This post is for deconfusing:
Ⅰ. what is meant with AI and evolution.
Ⅱ. how evolution actually works.
Ⅲ. the stability of AI goals.
Ⅳ. the controllability of AI.
Along the way, I address some common conceptions of each in the alignment community, as described well but mistakenly by Eliezer Yudkowsky.
Ⅰ. Definitions and distinctions
By far the greatest danger of Artificial Intelligence is that people conclude too early that they understand it. Of course this problem is not limited to the field of AI. Jacques Monod wrote: “A curious aspect of the theory of evolution is that everybody thinks he understands it”
— Yudkowsky, 2008
There is a danger to thinking fasting about ‘AI’ and ‘evolution’. You can skip crucial considerations. Better to build this up in slower steps. First, let’s pin down both concepts.
Here’s the process of evolution in its most fundamental sense:
Evolution consists of a feedback loop, where ‘the code’ causes effects in ‘the world’ and effects in ‘the world’ in turn cause changes in ‘the code’. Biologists refer to the set of code stored within a lifeform as its ‘genotype’. The code’s effects are the ‘phenotypes’.

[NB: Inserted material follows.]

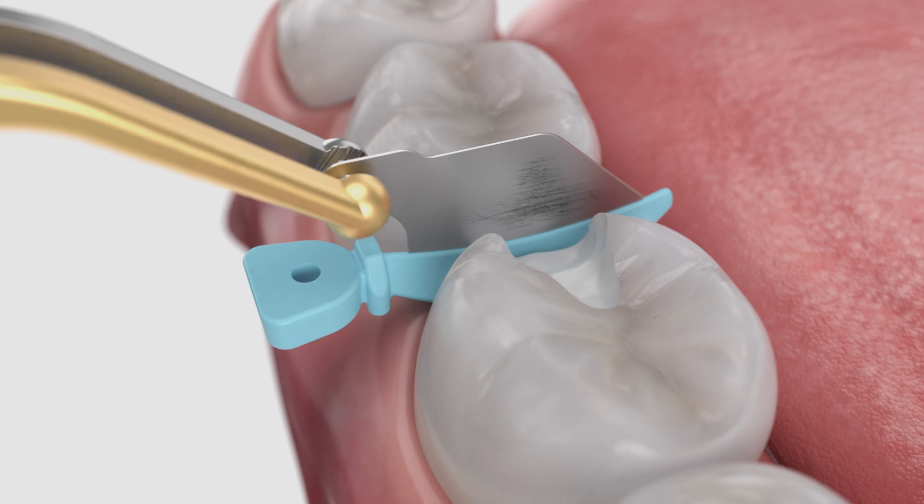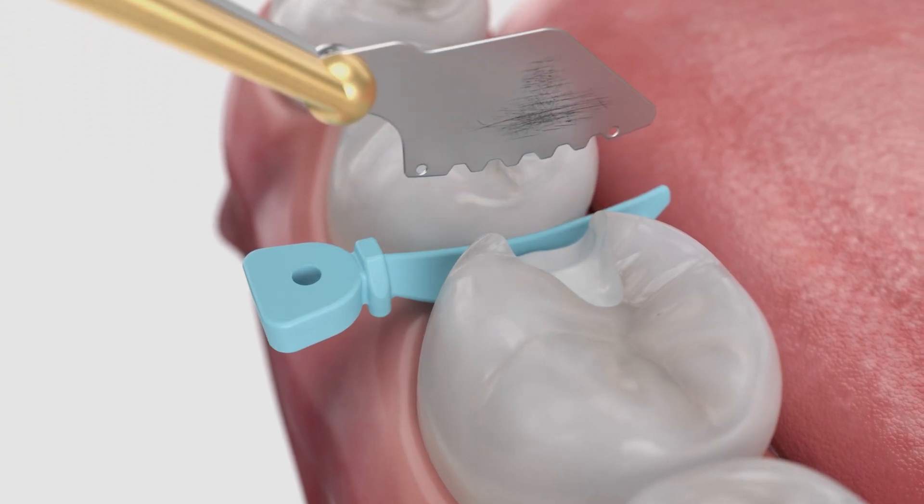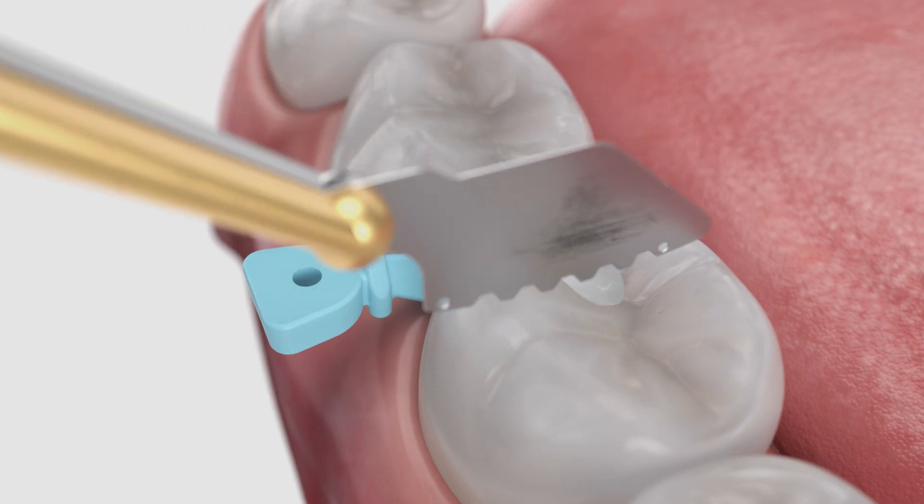Once the preparation is complete, remove the metal shield of the wedge guard. Use the pin tweezers to grasp the hole on the shield and slide laterally to remove.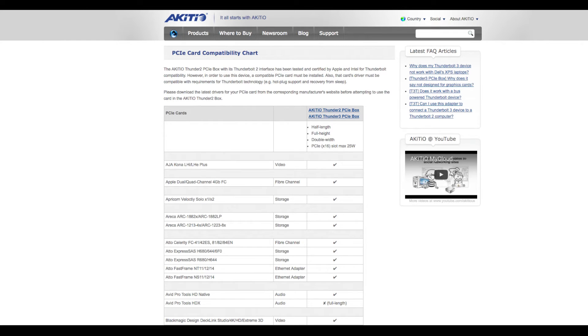This expansion box officially supports 32 different cards and unofficially quite a few others. One thing it definitely does not support is video cards, which is more likely due to not having the 6 to 8-pin power connections, but many people run video cards in this box by using an external power supply.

We’ll return to evolution later. Let’s pin down what we mean with AI:
A fully autonomous artificial intelligence consists of a set of code (for instance, binary charges) stored within an assembled substrate. It is ‘artificial’ in being assembled out of physically stable and compartmentalised parts (hardware) of a different chemical make-up than humans’ soft organic parts (wetware). It is ‘intelligent’ in its internal learning – it keeps receiving new code as inputs from the world, and keeps computing its code into new code. It is ‘fully autonomous’ in learning code that causes the perpetuation of its artificial existence in contact with the world, even without humans/organic life.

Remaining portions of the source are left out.